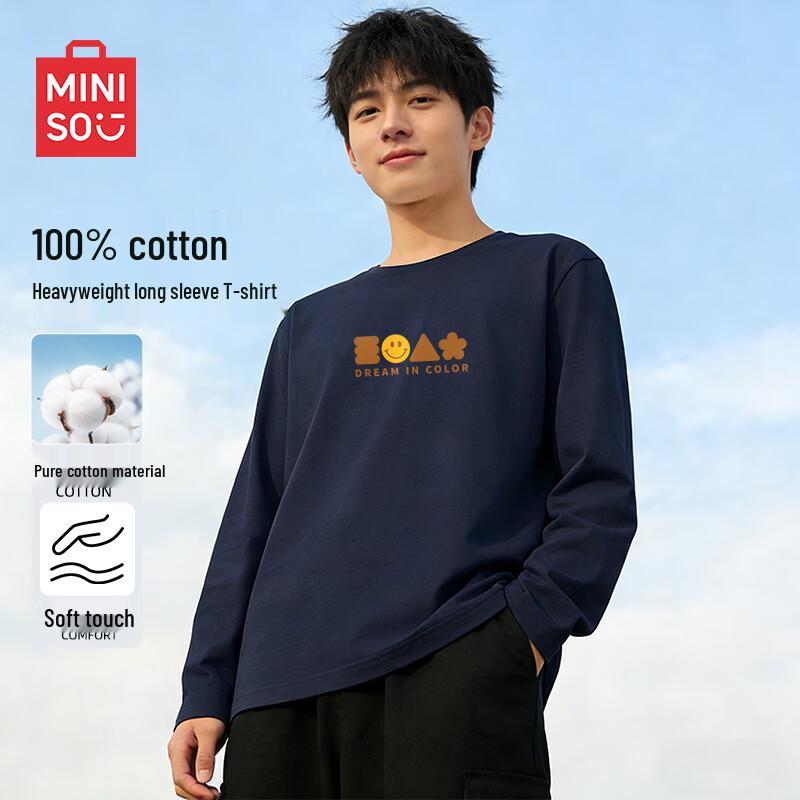 MINISO Men s Pure Cotton Casual Long Sleeve T-Shirt L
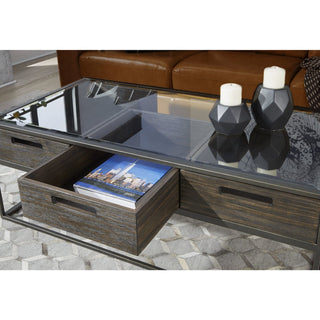 Rustic Wood and Glass Coffee Table – Open Drawer Storage Detail
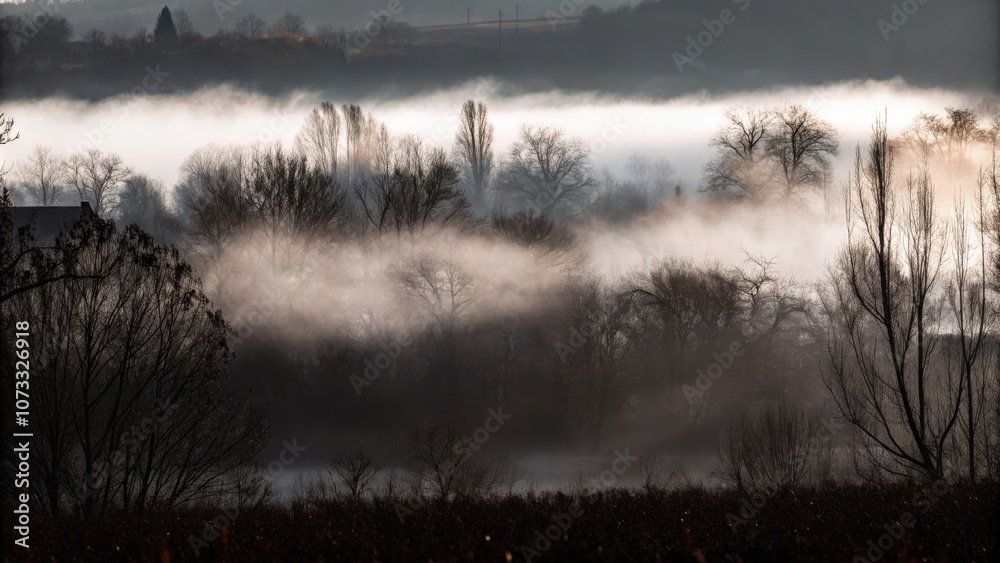 Fototapeta premium Foggy Morning with Bare Winter Trees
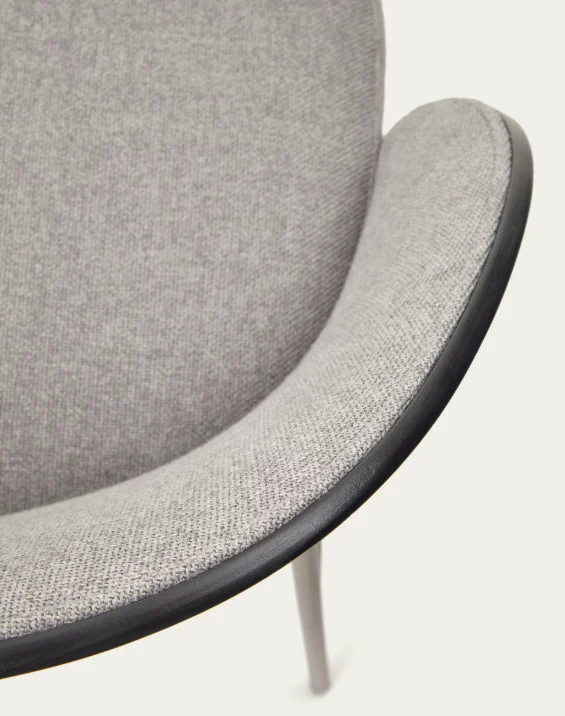 Eamy Stool Grey Chenille & Black Finish 65cm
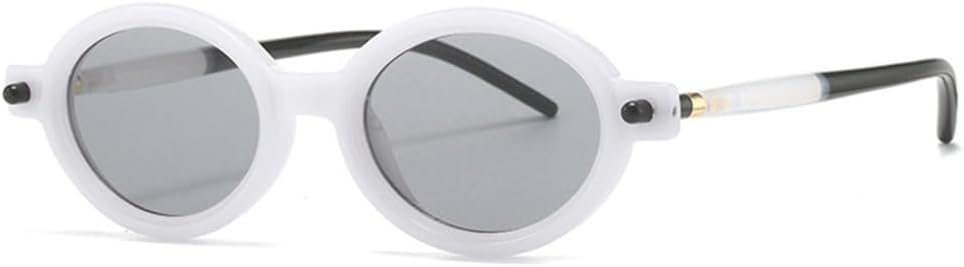 

Овальные двухцветные модные солнцезащитные очки для женщин с защитой от УФ-излучения UV400, винтажные светло-серые, мужские солнцезащитные очки с заклепками MTZJH, White Light Gray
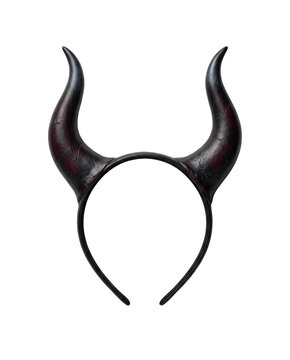 Black curved costume horns shown as devil horn headband isolated on white cutout for Halloween, fantasy, or party styling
__________________________________________________
Problem details: Reproduce the opening lines of the material above exactly, ending with the line that contains "Овальные двухцветные модные". Omit every picture.

Task response:
 MINISO Men s Pure Cotton Casual Long Sleeve T-Shirt L
 Rustic Wood and Glass Coffee Table – Open Drawer Storage Detail
 Fototapeta premium Foggy Morning with Bare Winter Trees
 Eamy Stool Grey Chenille & Black Finish 65cm

Овальные двухцветные модные солнцезащитные очки для женщин с защитой от УФ-излучения UV400, винтажные светло-серые, мужские солнцезащитные очки с заклепками MTZJH, White Light Gray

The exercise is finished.